Three years after passage Dodd-Frank is still generating controversy as evidenced by an article in this morning’s New York Times. The current contentiousness centers on the desire of the Commodity Futures Trading Commission (CFTC) to regulate certain overseas derivative activities of American-based banks, foreign institutions and hedge funds. According to the Times the regulations would require these entities to: “turn over information on foreign trades if they involve United States customers, or are guaranteed by a financial institution with American ties…” The target firms see these regulations as overly burdensome and unnecessary while Gary Gensler, the chairman of the CFTC sees them as important to a coherent scheme to protect investors. The article points out the timeframe for implementation is as soon as mid-July. Regardless how one feels about the merits of the case for or against the new rules, there is no arguing that compliance officers, risk managers and their technology colleagues and partners who have to make the changes necessitated by the regulators actions are under pressure to get things done on time.
Some firms are in a better position than others to effect these changes but in general the complexity of technology platforms at most large financial institutions presents many challenges to those looking to quickly comply with new regulatory initiatives. Given the environment we are in where there is a lack of consensus, to put it perhaps too mildly, over the scope and level of appropriate government involvement in the day-to-day business of financial services, it is reasonable to assume the regulatory environment will remain unsettled. That being the case, a good strategy for dealing with this situation might be to build more flexibility into systems that are highly sensitive to regulatory change. Yeah right, easy to say. No doubt it brings to mind one of the several expressions heard among software developers to cover similar suggestions. The one that comes to me is: you can’t change the tires on a bus while it is barreling down the highway. When are you going to have the luxury of building in the flexibility? But it’s not hopeless and there are tools out there that can be part of the solution.

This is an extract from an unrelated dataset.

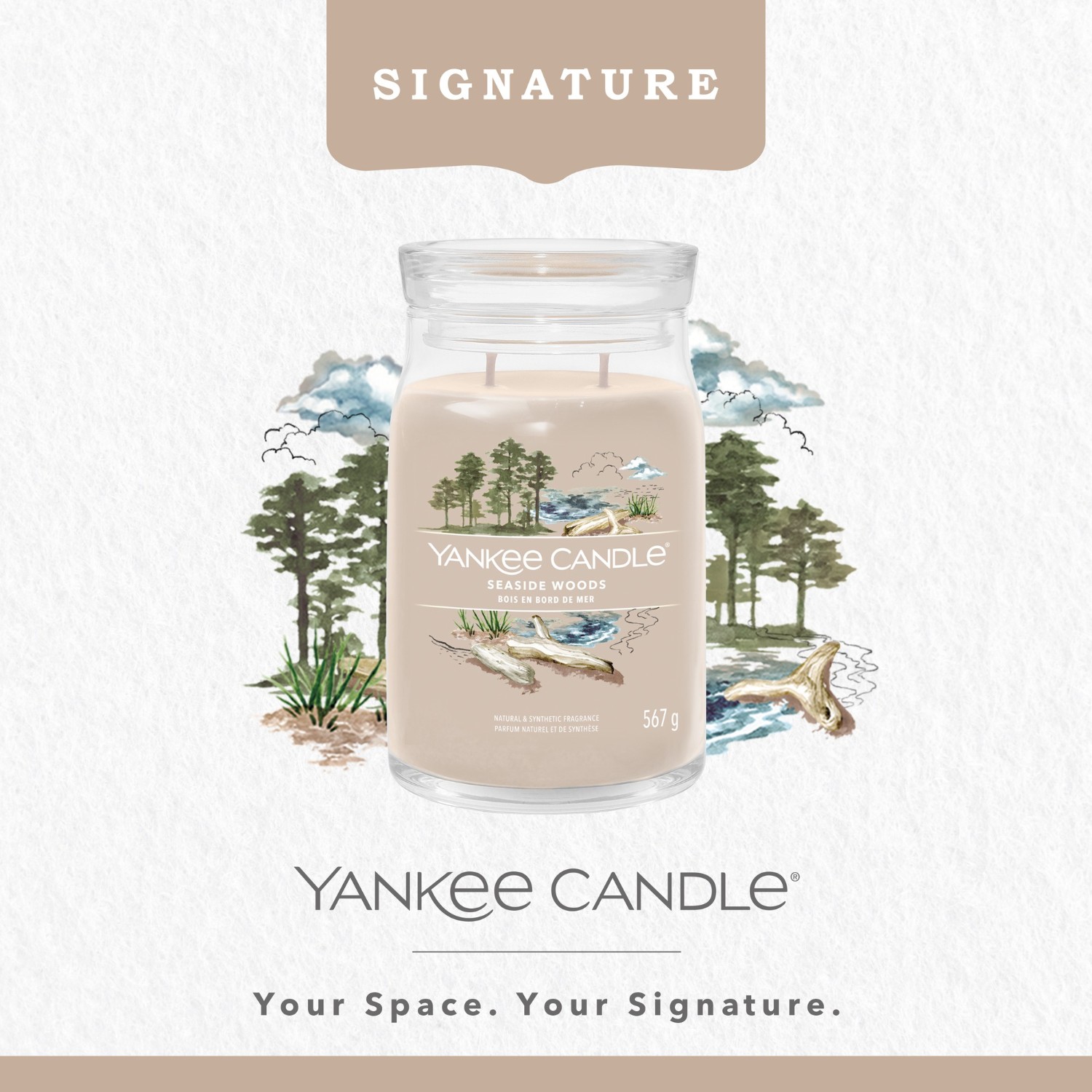 YANKEE CANDLE Grand navire en bois au bord de la mer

Rules engines or business rules management systems are one such tool. Lombard Risk, IBM and others offer solutions aimed specifically at Dodd Frank. Another option that I am familiar with is Brown Brothers Harriman’s Infomediary product which, while not currently directed specifically at regulatory changes, nonetheless provides a certain level of flexibility regarding the trajectory of transactions flowing from investment managers to their custodians, for example. But the key point is that a one-off approach to this set of regulations may not be the most beneficial way to expend scarce technology resources. At some level the bus analogy has to be resisted to make the type of changes that will be most effective in the long run. A migration path that gets at least part of a rules-based, flexible solution in place while scrambling to meet the latest Dodd Frank directives needs to be part of the plan.